3) Educate: explain why the term or phrase is offensive.
4) Echo: Reiterate the anti-bias message; multiple voices speaking up is powerful.

Additional Club activities include participating in a privilege walk, engaging in situational role playing, organizing a Black Lives Matter week at school, and hosting a Day of Silence.

“What I think is really cool about the privilege walk is that we want the students to see how different identities affect privilege,” says advisor Kelly Steiner. “The students are asked to write down their own identities on a sheet with the eight identity markers we learn about. Then each students’ identity markers are anonymously placed in eight cups and the students draw out one marker from each cup… the students get to see the identity make-up of our whole group, while keeping confidentiality, and can really conceptualize what privilege means.”

Throughout the privilege walk, a number of statements are read by the facilitator and the student participants are asked to take a step forward or backward based on their responses. (Example: If your primary ethnic identity is “American,” take one step forward. If English is your second language, take one step back.) This activity forces participants to confront the ways in which society offers privilege to some individuals over others. It is designed to get participants to reflect on the different areas in their lives where they have privilege as well as the areas where they don't.

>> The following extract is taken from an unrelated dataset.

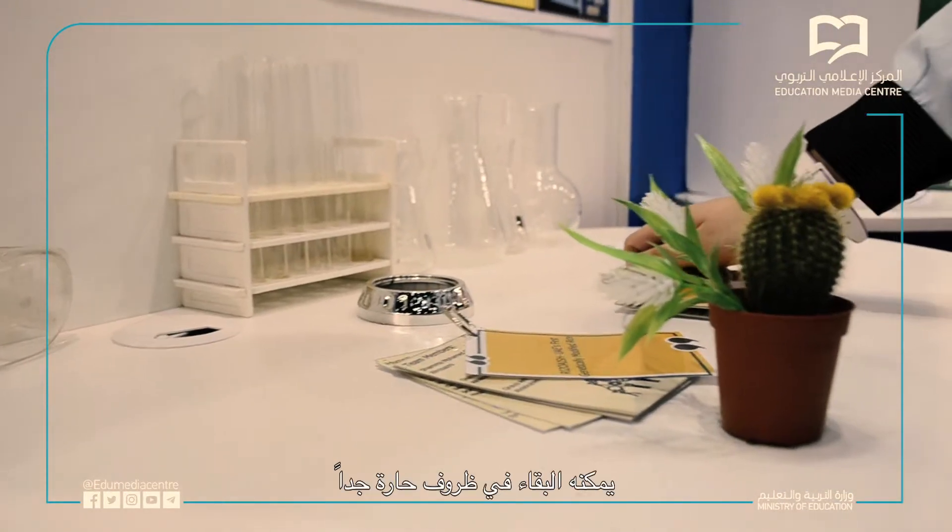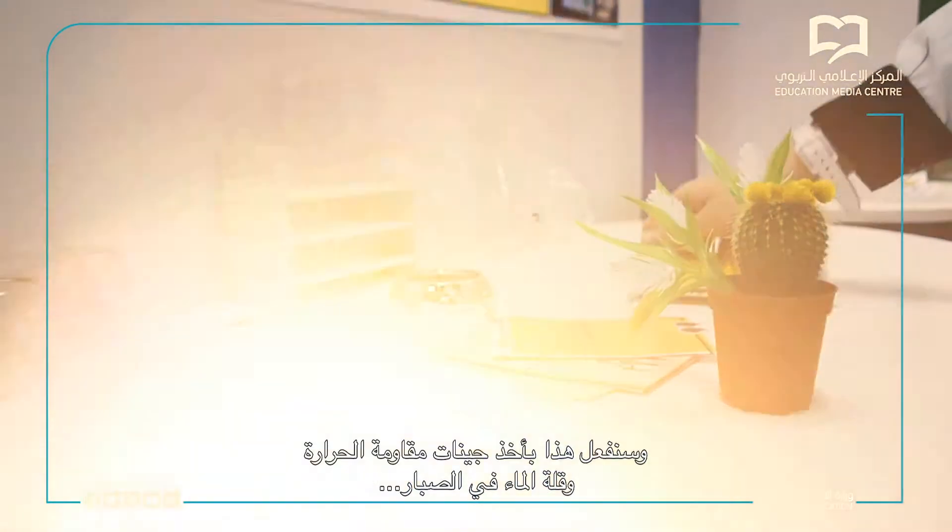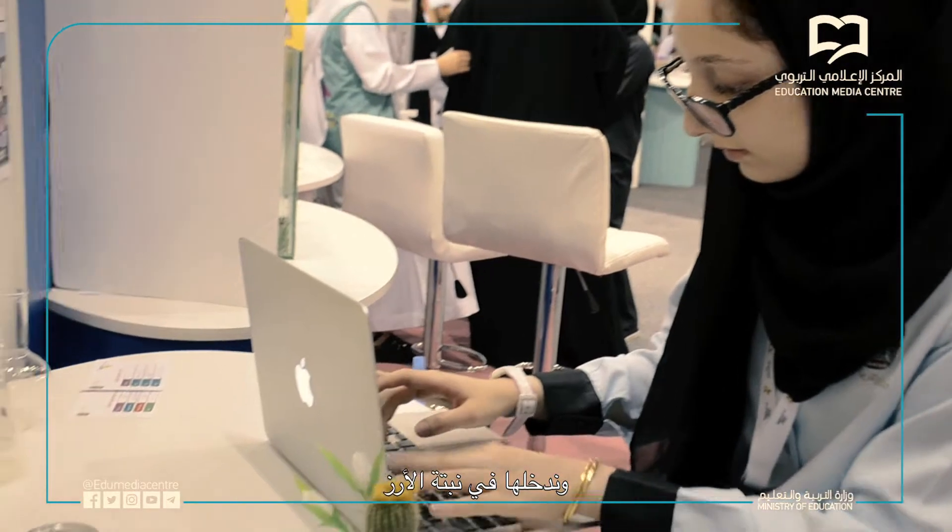Our project is ResRice, which is UAE's first genetically modified rice plant. Our goal is to make a genetically modified rice plant which can live in extremely hot conditions. We're going to do that by taking the genes of heat resistance and low water content from the cactus and introducing them to the rice plant.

“Other things we organize include Black Lives Matter week at school,” says Dworschack-Kinter. “We take a week to educate the school community on inspiring African Americans throughout history that have influenced our history. It’s really an exciting time. We get to look at a lot of historical figures that we might not have heard about otherwise. And we learn about history that has been kind of silenced at times and take that week to focus on amazing people.”

This year, the Ally Club students researched and compiled a slideshow of inspiring African American figures based on each SIS teacher’s interests or class subject. The Club then sent one important African American figure and mini bio to each teacher and asked that the teachers take time to weave that figure and his/her accomplishments into their lesson plan. The activity was well-received by the teachers and students enjoyed learning about these inspiring, historical figures.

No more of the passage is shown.